Where do you get the cigar review sheets that I see people writing notes?


----------



## g8trbone (Apr 26, 2007)

Very nice review Rob! I have a handful sitting and waiting. Hoping they will be as good as yours!


----------



## ilovecl-cl (Apr 30, 2007)

Very nice smoke and review!!!!


----------



## sergione (Jul 7, 2006)

Opus Opus Opus, X. Great smoke....someone started their weekend off with a Bang


----------



## Stogie (Feb 13, 2007)

Your Killing me man! i am stuck at work the whole weekend and now I am stuck thinking about smoking an Opus X. 

You are killing me!


----------



## terrasco-cl (Mar 4, 2007)

That picture had my mouth watering! Thanks man!

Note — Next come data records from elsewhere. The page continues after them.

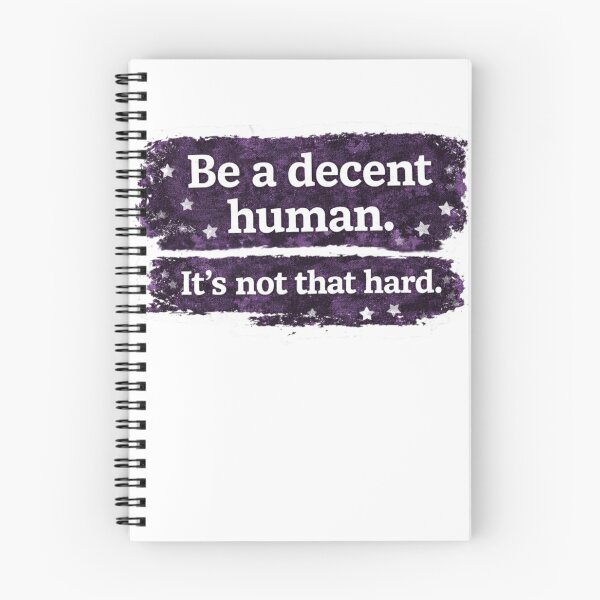 Item preview, Be a decent human. It's not that hard. What For minied2 designed and sold by Myllady's Soundtrack and Stickers.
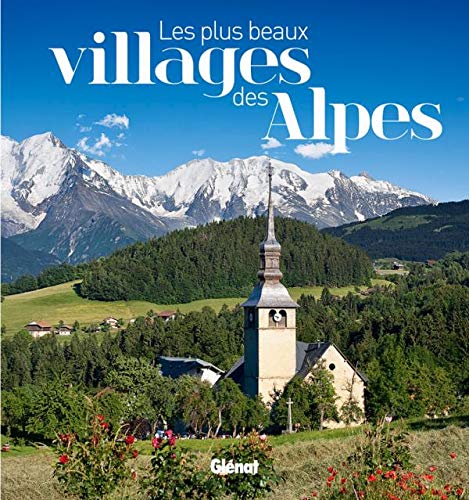 9782723471602: Les plus beaux villages des Alpes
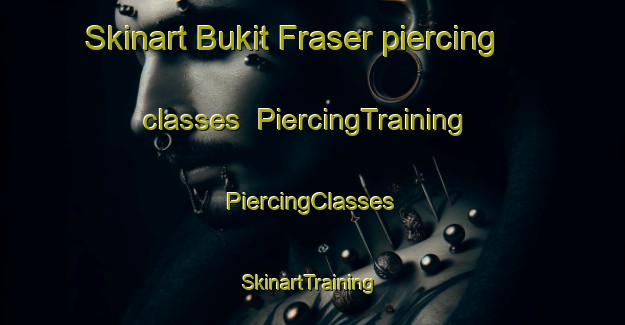 Skinart Bukit Fraser piercing classes | #PiercingTraining #PiercingClasses #SkinartTraining-Malaysia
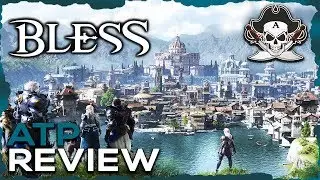 Bless Online Review | ATP Review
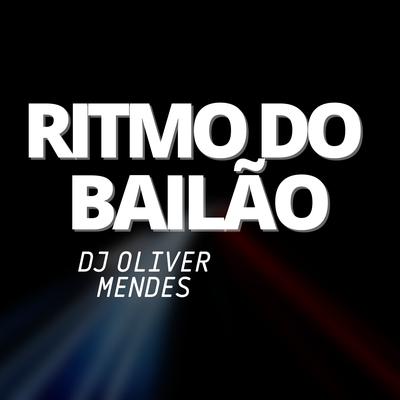 Ritmo do Bailão By DJ Oliver Mendes's cover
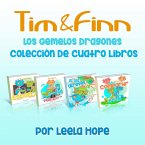 Tim y Finn, los Gemelos Dragones - Colección De Cuatro Libros (Libros para ninos en español [Children's Books in Spanish)) (eBook, ePUB)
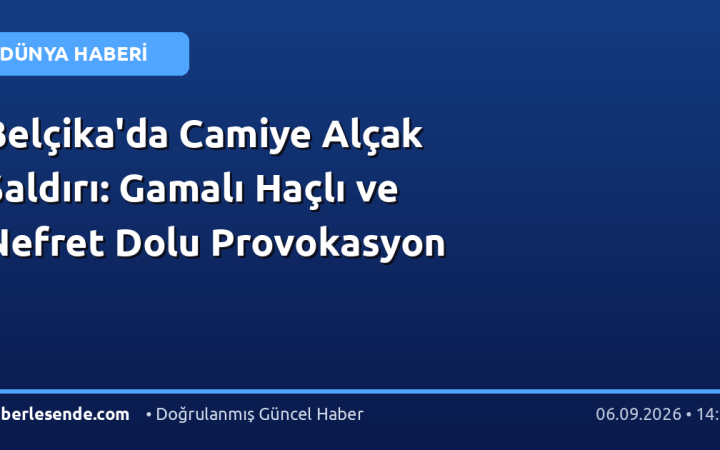 Belçika'da Camiye Alçak Saldırı: Gamalı Haçlı ve Nefret Dolu Provokasyon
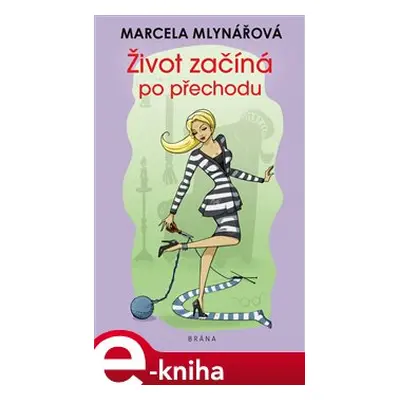 Život začíná po přechodu - Marcela Mlynářová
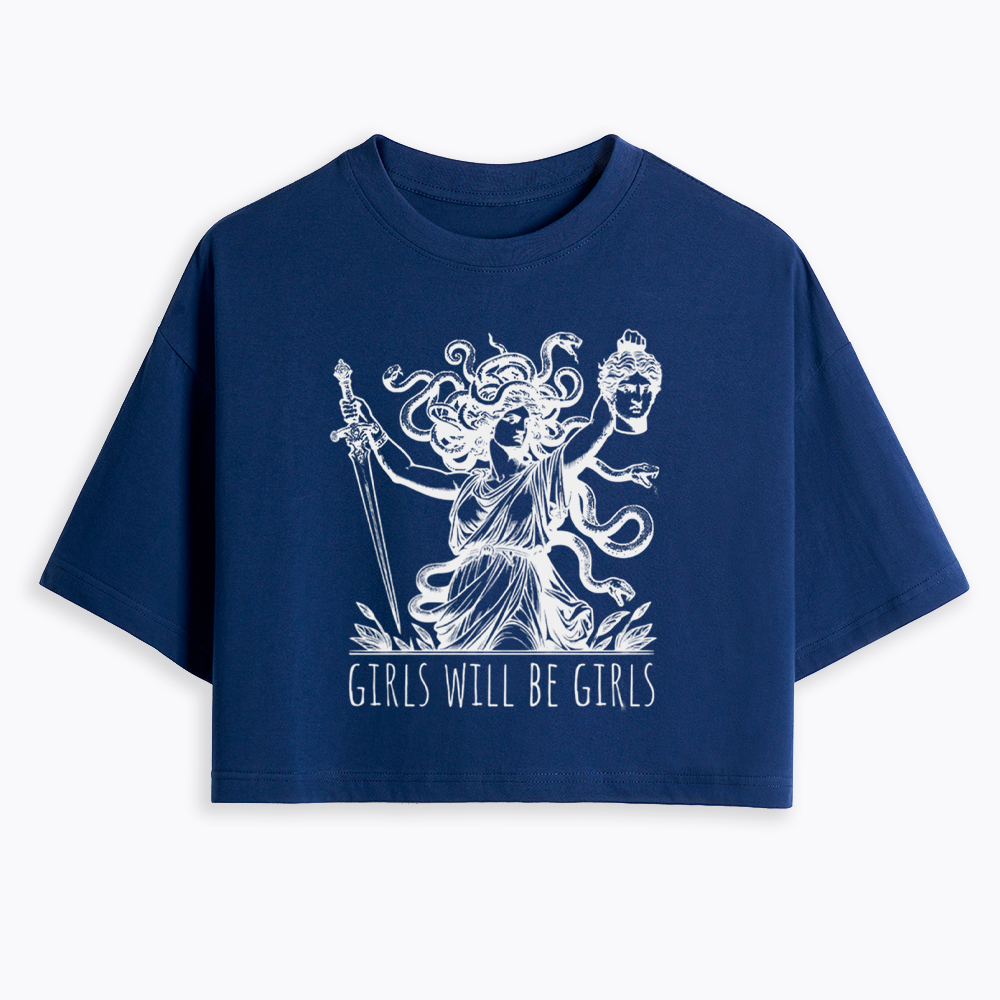 Girls Will Be Girls Cropped T-Shirt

What a way to spend Saturday morning!


----------



## Ceedee (Jun 2, 2006)

Stogie said:


> Your Killing me man! i am stuck at work the whole weekend and now I am stuck thinking about smoking an Opus X.
> 
> You are killing me!


Rob is brutal as all hell with his last series of pics. Simply brutal! 

CD


----------



## bobbyg29-cl (Apr 21, 2007)

Stogie said:


> Your Killing me man! i am stuck at work the whole weekend and now I am stuck thinking about smoking an Opus X.
> 
> You are killing me!


I do my best  Got a get a few good smokes in before I am back to work on Monday.


----------



## dHUTCH (May 1, 2007)

God, the shade and color of that wrapper is amazing!


----------



## burritosdaily (Jul 2, 2007)

Hmmm.... sweet memories of the one, and only one, that I had a year ago... what a smoke...


----------



## Labman (May 27, 2007)

I have yet to try an Opus X...it's on my to-do list, I swear. It's just that my to-do list keeps getting longer and longer! 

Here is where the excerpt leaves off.